Il avait fait battre la grosse caisse, et, comme pour donner raison au proverbe qui veut qu’il n’est festins que de gens chiches, il annonçait des réjouissances extraordinaires : invitations aux corps constitués de Tananarive et de Tamatave, voire même à quelques rares habitants de la Réunion, banquets à Brickaville, à Tamatave, à Tananarive, et, pour achever l’apothéose, un dîner à la Résidence (!), représentation théâtrale, courses hippiques, sans oublier le mât de cocagne.
Restait à payer la carte.
À cet effet, Micromégas, qui avait pris l’initiative des invitations et de l’ordonnance des fêtes, fit appel au public sous couvert d’un Comité des fêtes.
Et ce brave Comité des fêtes, composé des délégations de corps constitués ou non constitués comme la Philarmonique et l’Estudiantina, commença par emboîter le pas.
Mais advint que M. Picquié voulut forcer son talent, chose toujours périlleuse : à son instigation les délégués de quatre groupes, Chambre Consultative, Comice Agricole, Commission Municipale et Chambre des Mines se réunissent le 28 février afin de désigner le porte-voix de la population.

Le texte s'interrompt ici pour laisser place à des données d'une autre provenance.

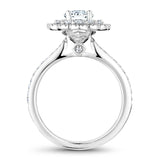 A Noam Carver white gold engagement ring with a floral halo and 74 round diamonds.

Des indiscrets, des colons toujours enclins à l’émancipation, eurent l’exorbitante prétention de vouloir indiquer le caractère du discours : manifestation économique, exaltation des forces vives de la Colonie, peu ou point d’encens officiel et de circonstance.

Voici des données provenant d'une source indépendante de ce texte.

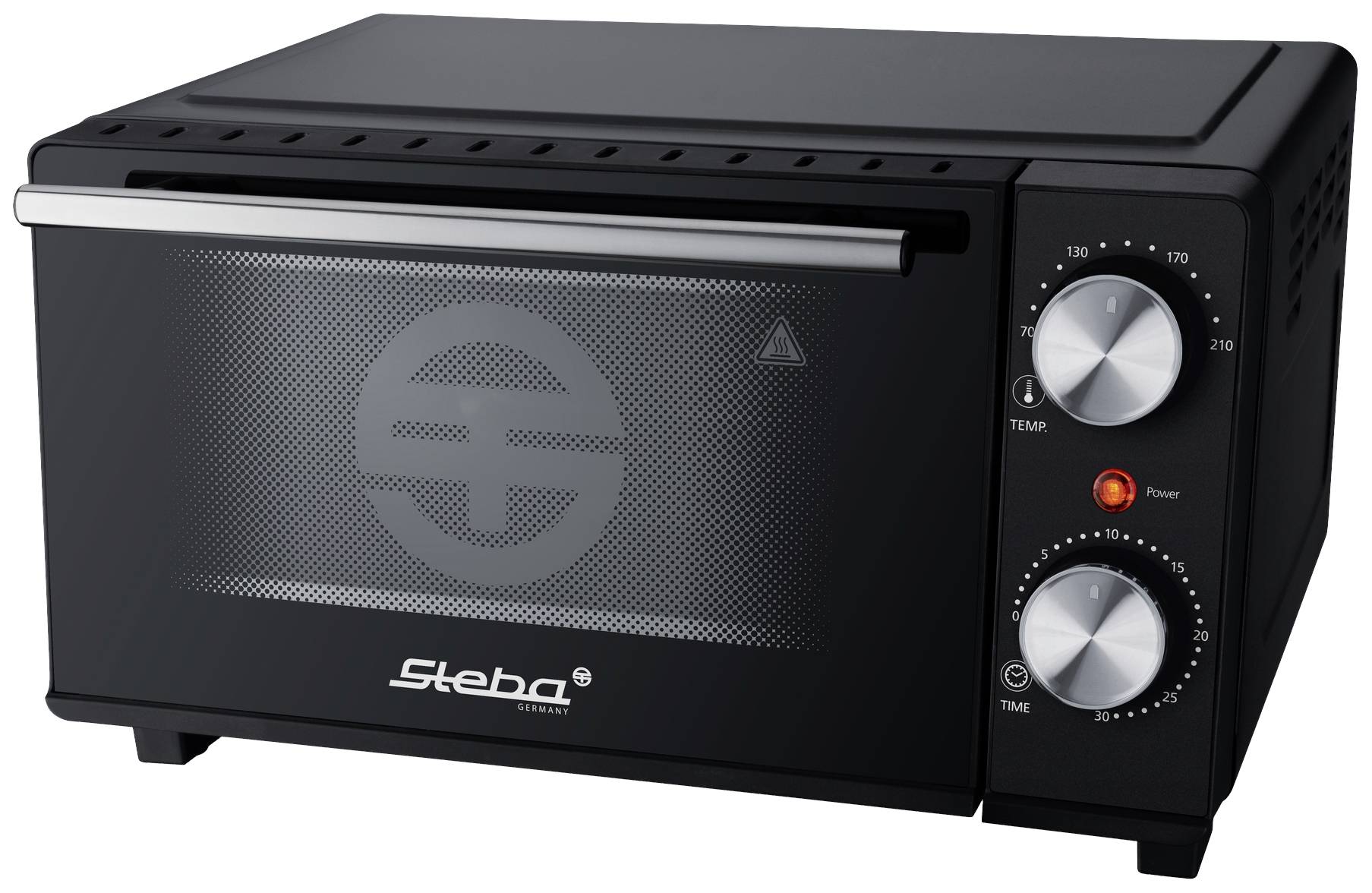 Compact black toaster oven with temperature and time control knobs. The brand name 'Steba' is visible at the front.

Là-dessus, beau tapage et des invectives rappelant les fameuses apostrophes : « Qui t’a fait comte ? – Qui t’a fait roi ? »
Du coup, une scission se produisait, deux des groupes refusaient de s’associer, les yeux fermés, à une pure manifestation officielle. Et la combinaison tout entière tombait à l’eau.
Nous sommes avisés que les mêmes incidents se sont déroulés sous une forme peu différente à Tamatave et que le résultat fut le même : les représentants qualifiés des deux centres refusent d’apporter à M. Picquié un mérite qui ne lui appartient pas.
Et voici qu’à la dernière heure un appel sur affiches tricolores est fait aux hommes de bonne volonté : c’est la Sultative qui marche sous cette bannière indépendante. On peut être assuré qu’un nombre respectable de fonctionnaires répondra à l’appel gouvernemental et soulignera de bravos nourris les harangues officielles.
Quant à l’immense majorité des Colons, pour qui la vie est autre chose qu’un enchaînement de fêtes, elle célébrera le très gros événement qu’est l’aboutissement du Chemin de fer à la mer par la glorification de notre jeune et ardente Colonie, ce qui vaudra infiniment mieux que le pénible repêchage d’un Gouverneur disqualifié.